(WORK TO BE COMPLETED): Pictures appear among the records below and must be omitted. Repeat exactly the lines from the line with "Tente portable" to the line with "Gold Medal PNG, Clipart, Award", both included.

*** EXERCISE INPUTS Section Begins ***

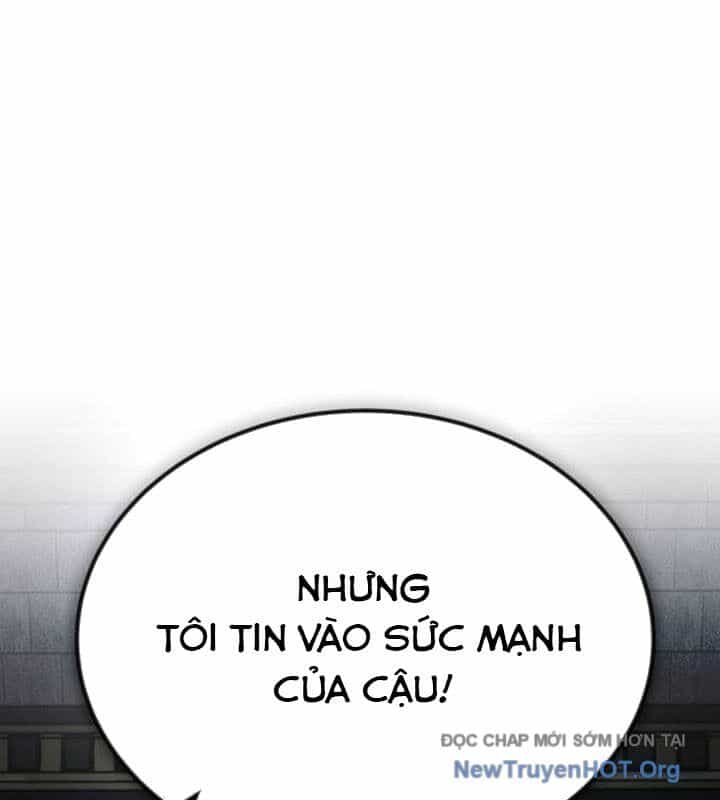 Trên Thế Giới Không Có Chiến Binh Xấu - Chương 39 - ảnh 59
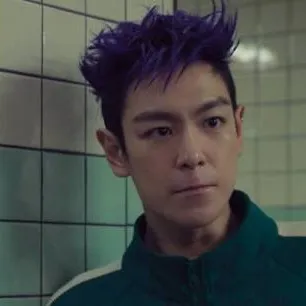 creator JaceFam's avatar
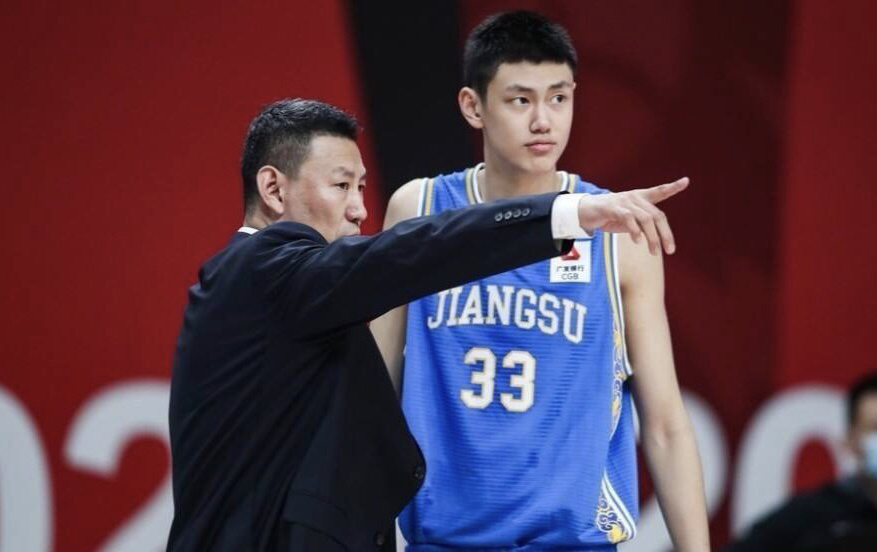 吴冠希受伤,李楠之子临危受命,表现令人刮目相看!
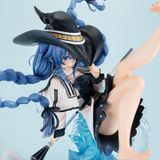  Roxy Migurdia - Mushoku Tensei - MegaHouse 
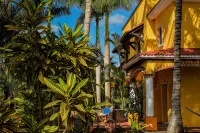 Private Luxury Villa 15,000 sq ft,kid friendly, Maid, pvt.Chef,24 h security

*** EXERCISE INPUTS Section Ends ***
*** EXERCISE INPUTS Section Begins ***

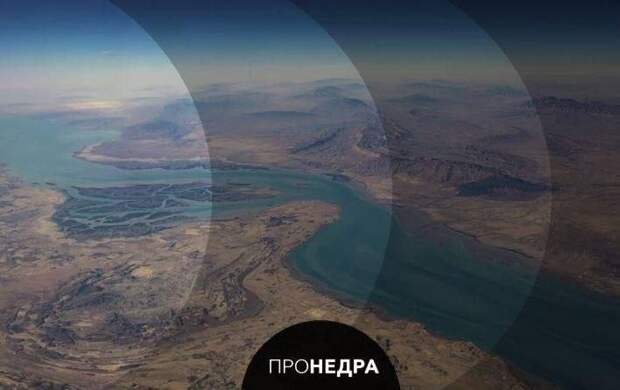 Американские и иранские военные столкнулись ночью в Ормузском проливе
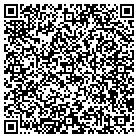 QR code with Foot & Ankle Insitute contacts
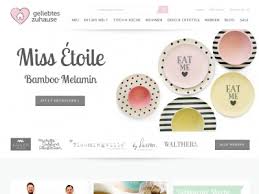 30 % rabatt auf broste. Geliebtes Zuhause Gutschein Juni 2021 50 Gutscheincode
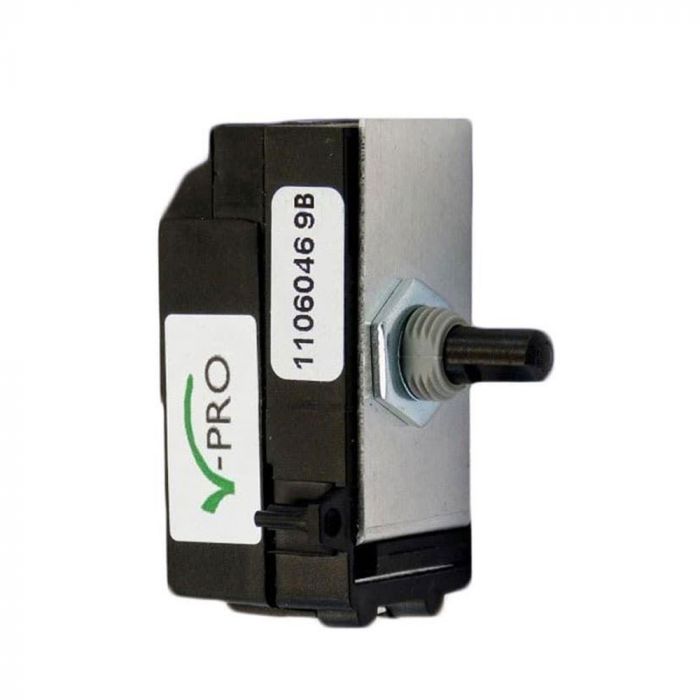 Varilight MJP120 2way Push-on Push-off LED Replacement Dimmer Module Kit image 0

*** EXERCISE INPUTS Section Ends ***
*** EXERCISE INPUTS Section Begins ***

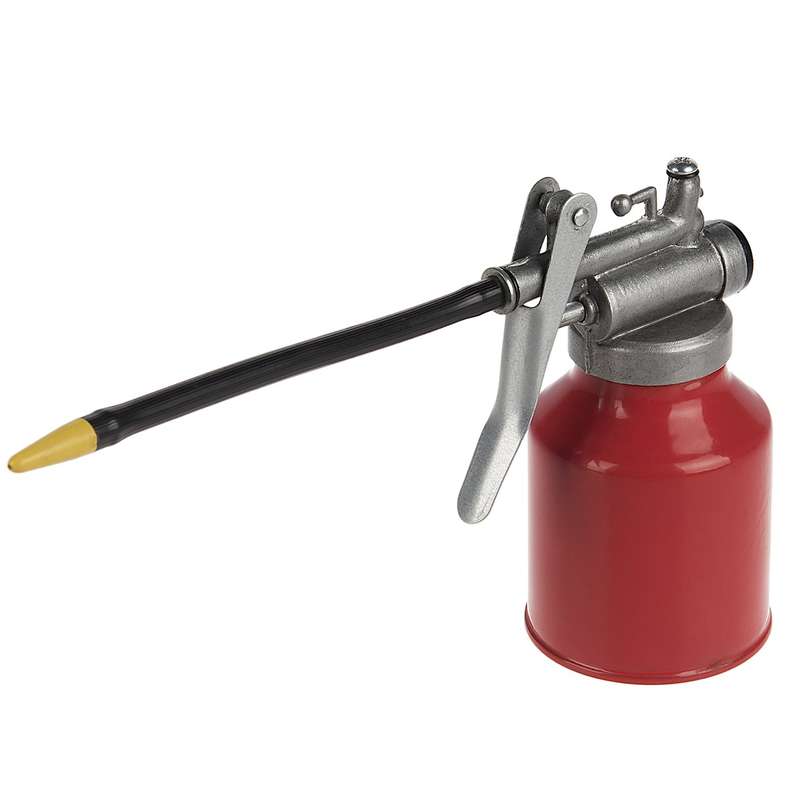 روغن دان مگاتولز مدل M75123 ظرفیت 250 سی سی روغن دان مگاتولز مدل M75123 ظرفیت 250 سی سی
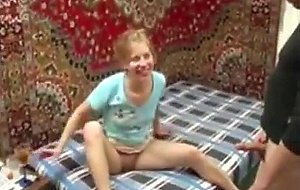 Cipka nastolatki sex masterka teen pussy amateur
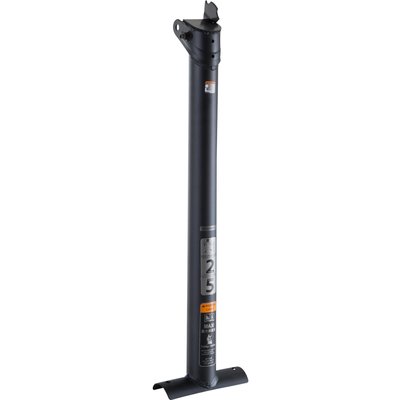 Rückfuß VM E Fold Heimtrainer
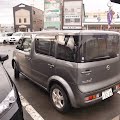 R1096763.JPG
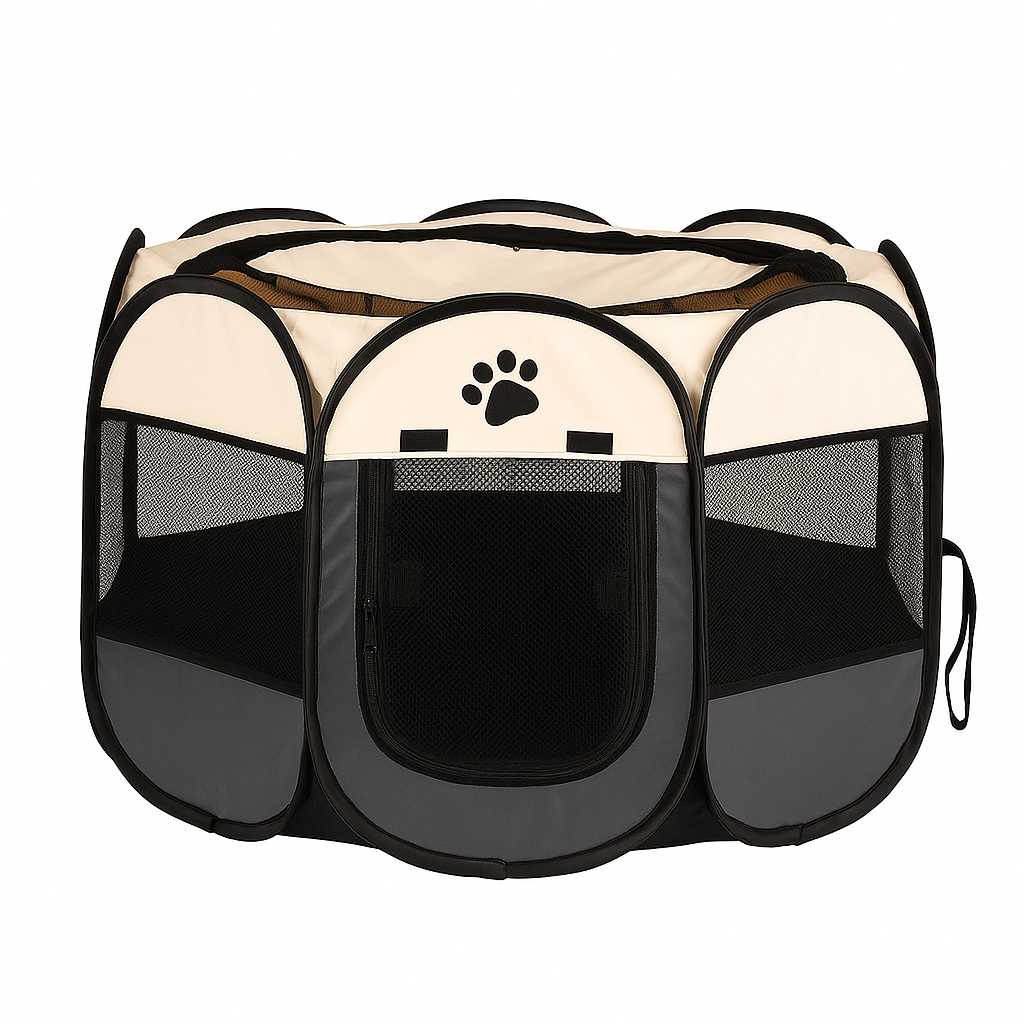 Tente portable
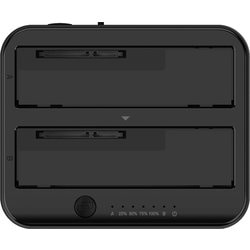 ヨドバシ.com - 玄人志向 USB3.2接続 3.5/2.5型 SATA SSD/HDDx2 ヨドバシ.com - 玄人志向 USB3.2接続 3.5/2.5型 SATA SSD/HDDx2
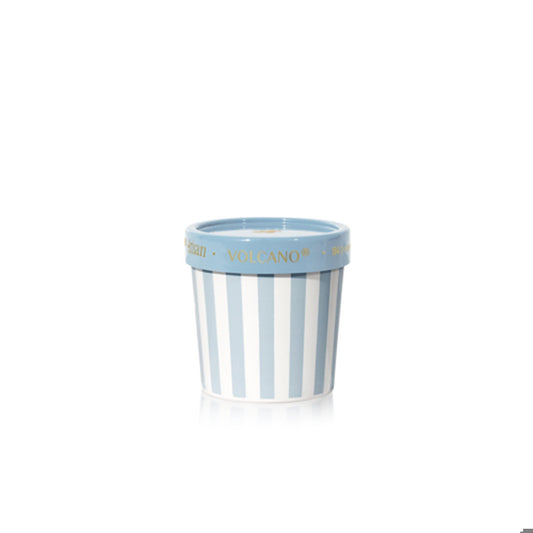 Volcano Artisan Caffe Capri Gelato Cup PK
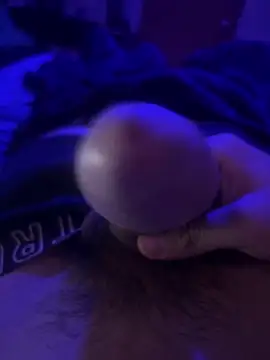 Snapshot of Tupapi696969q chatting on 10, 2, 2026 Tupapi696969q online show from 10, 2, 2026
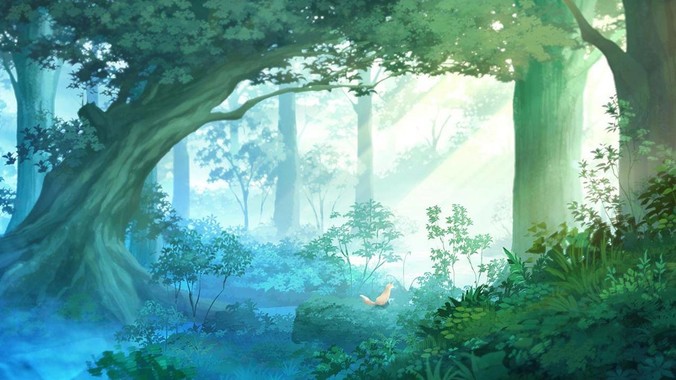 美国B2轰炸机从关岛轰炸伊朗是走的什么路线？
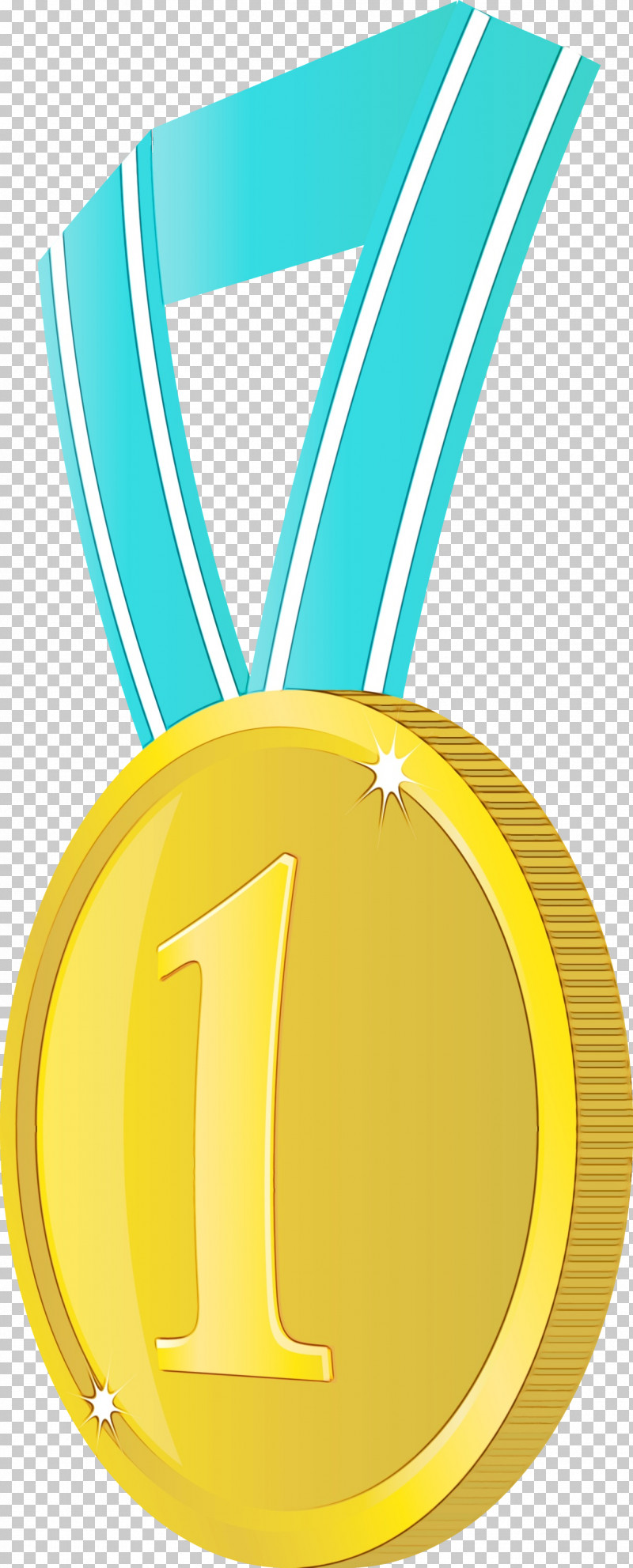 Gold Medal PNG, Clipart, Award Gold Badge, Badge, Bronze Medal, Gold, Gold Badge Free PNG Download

*** EXERCISE INPUTS Section Ends ***

(RESULT BELOW):
 Tente portable
 ヨドバシ.com - 玄人志向 USB3.2接続 3.5/2.5型 SATA SSD/HDDx2 ヨドバシ.com - 玄人志向 USB3.2接続 3.5/2.5型 SATA SSD/HDDx2
 Volcano Artisan Caffe Capri Gelato Cup PK
 Snapshot of Tupapi696969q chatting on 10, 2, 2026 Tupapi696969q online show from 10, 2, 2026
 美国B2轰炸机从关岛轰炸伊朗是走的什么路线？
 Gold Medal PNG, Clipart, Award Gold Badge, Badge, Bronze Medal, Gold, Gold Badge Free PNG Download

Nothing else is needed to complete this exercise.